We got out onto the main road, having resumed chatting. It was dark and misty and quiet, even the cinema neon shut off. I hadn’t been paying attention to where we were exactly. “Um, I think my place is over there.” I pointed down the hill.
“Mine’s that way.” He indicated the opposite direction, coming to a dead stop. “Well. I had a really good time tonight.”

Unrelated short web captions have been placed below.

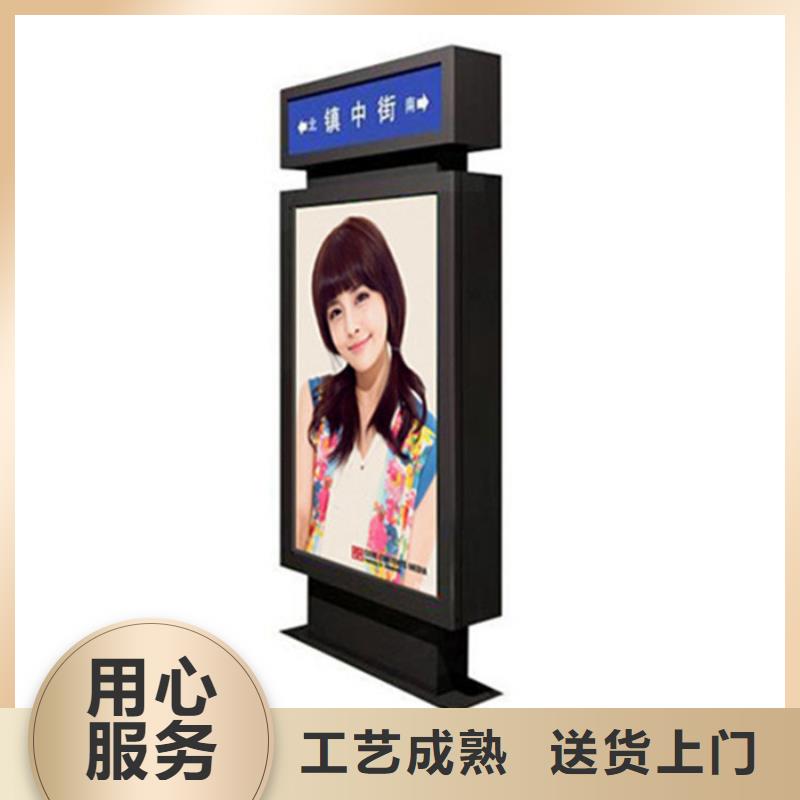 路灯箱,精神堡垒厂家大量现货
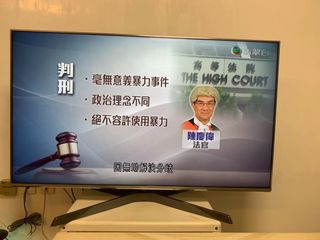（分類：）位於 。 由 tim1tin 提交（商品編號 1138197040，圖片 1）。簡介： 。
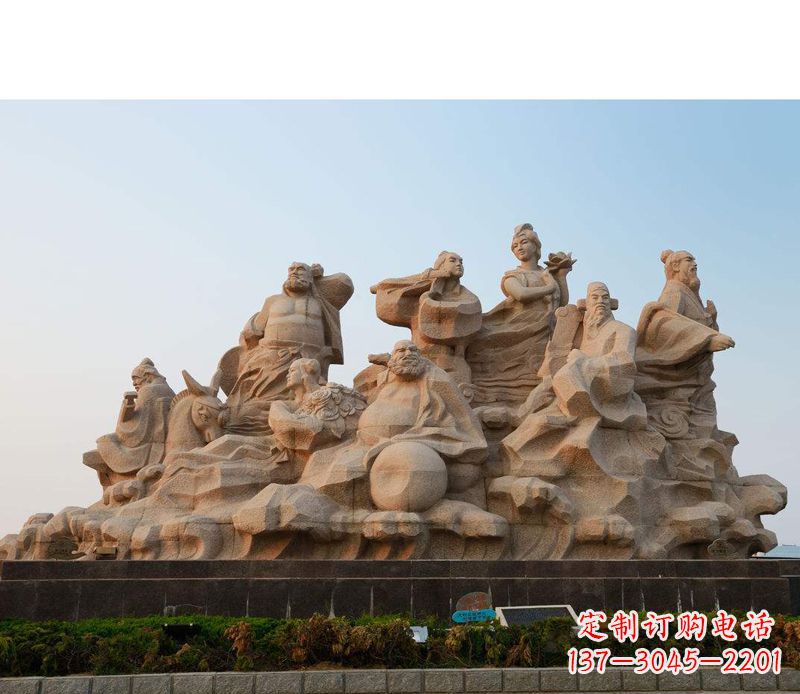 聊城大理石八仙过海雕塑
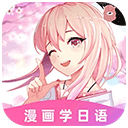 羊驼日语 4.8.7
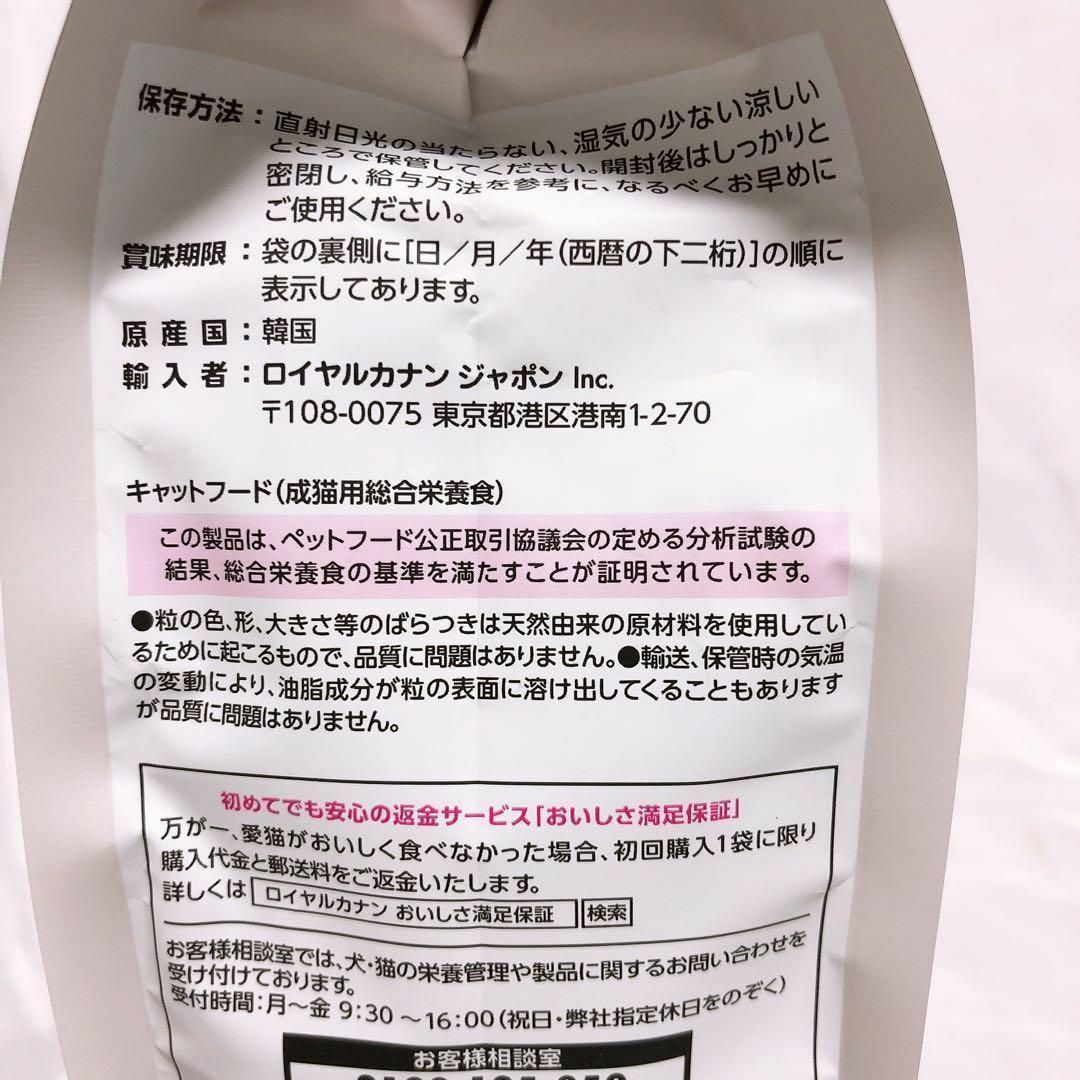 ロイヤルカナン　味わい　と　アロマ　キャットフード400g1袋ずつ その他のペット用品(ペットフード)の商品写真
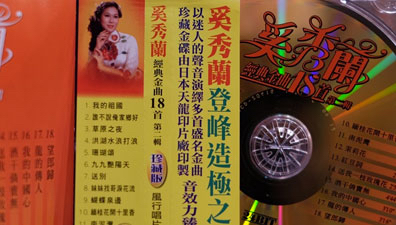 听她的歌能让人”飘“起来……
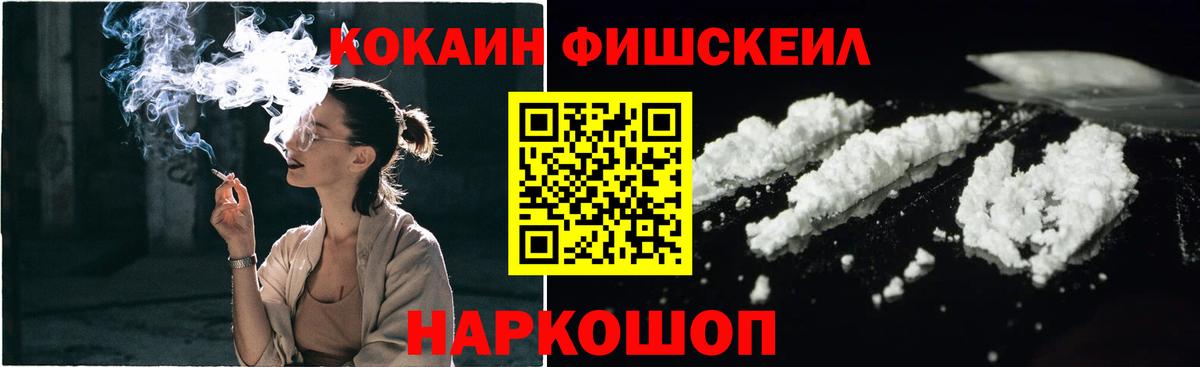 Cocaine Перу Озёрск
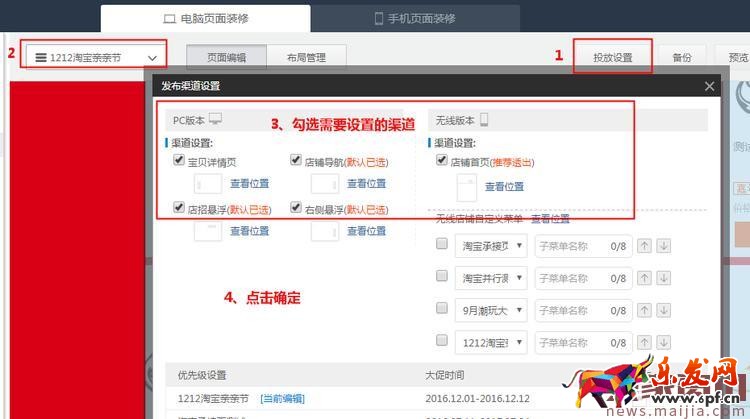 2017新勢力周店鋪承接頁常見問題匯總 2017新勢力周店鋪承接頁常見問題匯總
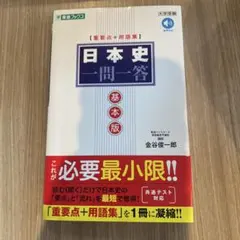 chiko様 リクエスト 2点 まとめ商品 - メルカリ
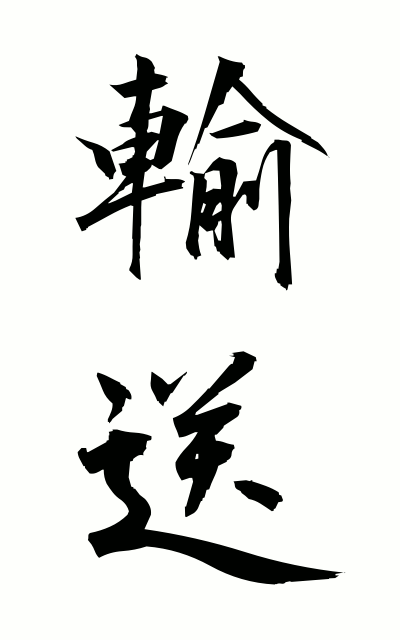 y30183輸送ゆそう Transportation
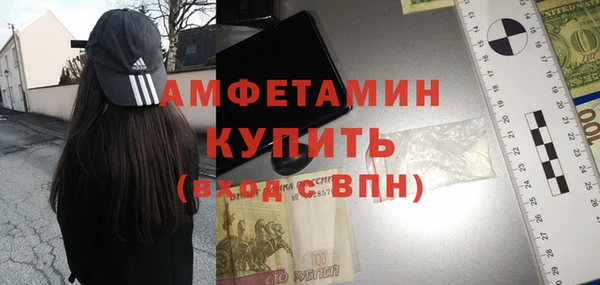 СК Зеленодольск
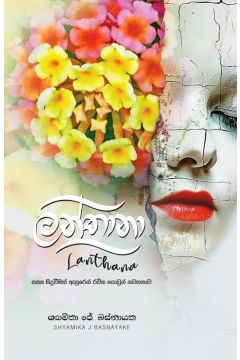 ලන්තානා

“Me too. It was awesome. Thanks.”
When he kissed me on the cheeks I noticed how warm he was. Not fair, why are boys always so warm?
OK, where was I exactly? I wobbled toward San Bernardo Glorieta. A glorieta is like a rotary, except usually much more beautiful, with a fountain and plants. I had to cross it and to make sure I didn’t get run over. Not getting run over would be a plus. Apparently I was still drunk. So, let’s see, San Bernardo all the way to where it ends at Callao metro, then cross Gran Via and put El Corte Inglés on my left, that department store to end all department stores. Then Sol and then. Easy.